We ran out of time for carpet decisions but I know what I want so it’s planned for tomorrow and hopefully it won’t take long. From there we went and chatted with the heater company in regards to our solar hot water and after a quick chat with our plumber we will be ready to go with that too. This is our first eco utility if you like so it’s a big deal. 😀 Even though our water and the gas boost both still rely upon external supplies, it will be a vast improvement on the existing electric system and I’m hoping by keeping the water temperature level as low as we reasonably can, we will hopefully only use a little, if any gas.

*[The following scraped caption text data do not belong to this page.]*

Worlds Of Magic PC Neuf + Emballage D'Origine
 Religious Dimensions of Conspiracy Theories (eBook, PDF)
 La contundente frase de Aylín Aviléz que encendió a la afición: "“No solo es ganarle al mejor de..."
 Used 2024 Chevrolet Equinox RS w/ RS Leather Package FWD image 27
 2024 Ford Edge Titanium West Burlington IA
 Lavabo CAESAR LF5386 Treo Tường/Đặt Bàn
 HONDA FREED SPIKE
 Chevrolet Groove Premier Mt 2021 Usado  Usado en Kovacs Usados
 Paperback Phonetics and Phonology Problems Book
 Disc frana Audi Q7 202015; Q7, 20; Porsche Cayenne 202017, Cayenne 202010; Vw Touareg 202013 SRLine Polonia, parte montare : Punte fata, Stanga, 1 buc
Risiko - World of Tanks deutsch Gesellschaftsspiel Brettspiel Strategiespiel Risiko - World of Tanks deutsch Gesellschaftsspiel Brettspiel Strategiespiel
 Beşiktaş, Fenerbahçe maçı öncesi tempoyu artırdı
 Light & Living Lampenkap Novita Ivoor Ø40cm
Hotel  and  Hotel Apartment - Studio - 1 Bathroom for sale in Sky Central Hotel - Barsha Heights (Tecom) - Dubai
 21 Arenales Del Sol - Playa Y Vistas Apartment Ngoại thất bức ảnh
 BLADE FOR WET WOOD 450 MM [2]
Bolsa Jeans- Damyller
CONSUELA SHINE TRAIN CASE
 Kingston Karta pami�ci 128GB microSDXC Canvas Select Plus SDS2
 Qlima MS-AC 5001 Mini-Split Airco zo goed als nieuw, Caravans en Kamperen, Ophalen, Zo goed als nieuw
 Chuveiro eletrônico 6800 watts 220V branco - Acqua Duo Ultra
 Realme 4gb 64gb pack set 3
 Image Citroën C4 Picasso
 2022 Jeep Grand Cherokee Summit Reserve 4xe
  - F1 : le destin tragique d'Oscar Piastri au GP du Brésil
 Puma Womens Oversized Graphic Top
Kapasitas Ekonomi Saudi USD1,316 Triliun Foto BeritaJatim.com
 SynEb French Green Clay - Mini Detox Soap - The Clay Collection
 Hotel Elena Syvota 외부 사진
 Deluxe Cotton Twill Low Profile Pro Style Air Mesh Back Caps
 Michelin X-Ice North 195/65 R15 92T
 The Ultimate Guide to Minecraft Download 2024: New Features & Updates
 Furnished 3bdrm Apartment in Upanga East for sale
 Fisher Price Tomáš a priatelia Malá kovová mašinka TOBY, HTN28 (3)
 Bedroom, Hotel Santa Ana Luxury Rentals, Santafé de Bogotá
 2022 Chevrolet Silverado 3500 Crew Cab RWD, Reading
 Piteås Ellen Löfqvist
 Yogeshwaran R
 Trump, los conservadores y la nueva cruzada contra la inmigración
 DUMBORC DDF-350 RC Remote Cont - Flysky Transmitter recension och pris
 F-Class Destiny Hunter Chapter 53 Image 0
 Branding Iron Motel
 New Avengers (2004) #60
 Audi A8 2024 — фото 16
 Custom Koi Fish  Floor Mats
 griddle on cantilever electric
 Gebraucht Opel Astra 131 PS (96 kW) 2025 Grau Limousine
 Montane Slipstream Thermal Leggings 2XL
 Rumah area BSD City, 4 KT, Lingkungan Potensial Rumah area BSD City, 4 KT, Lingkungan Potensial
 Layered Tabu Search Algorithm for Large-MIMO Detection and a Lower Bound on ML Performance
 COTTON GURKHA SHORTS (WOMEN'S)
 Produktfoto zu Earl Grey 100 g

Back to Ballan we went, grabbing some lunch on the way. We didn’t spend long there as Martin had planned a day mowing but sadly he wasn’t able to get Trevor running and the mower packed it in too. He whipper snipped until evening and caught the train back. In the meantime, I spent the afternoon in the garden in our current house with the kids, retrofitting our current chicken pen to cope with an influx of 9 more chicks which I will pick up tomorrow morning. 🙂 Yay. 😀

Head to toe with mud!

Today was the day to fix the mower (achieved), mow back the rest of the grass that needed clearing in order to put up the fence (nearly done) and get started on clearing and fitting out the new chicken shed and run (achieved). My parents were coming up to have a sticky nose at our new house and check out all we’ve been talking about for months (they’ve been overseas) but before they arrived I planted a heap of onions, some chives, spring onions, radishes, 16 paper pots of corn seedlings, 3 of zucchini and 3 watermelon seedlings too. Again, not much to see unless you’re up close, but they’re in, and their roots are free to find soil so I’m expecting to see some vigorous growth now. I was allowed to use Martin’s new toy, the pressure washer, which helped me to quickly clear the 2 inch thick mud off the cement in the shed. Poor Dad found himself clearing out ripped up and pummeled into the mud carseats and all the rest of the debris left there. He too had a go with the pressure washer and was as loath to share as I had been. It’s kinda fun. lol

I also won my eBay bid on a 1000L water tank which nearly complicated things as we were offered pick up this evening by 5:30. It was 4:45 and still in Ballan. 10 minutes to clear up, put stuff in the car or house, dress the kids (they’d been running around after having had a swim in our half wine barrel) and drive for 40 minutes to pick it up (5 minutes drive from our current home). Surprisingly we made it on time, so I am now the proud owner of a square galvanised steel framed water tank for my chicken pen. Just need to add a few metres of guttering to the roof and we will be harvesting their drinking water from the roof of their home.

Well, I’m off for an early night tonight. I have chickens to pick up in the morning with 3 kids in tow and a car to pack tonight. Zausted!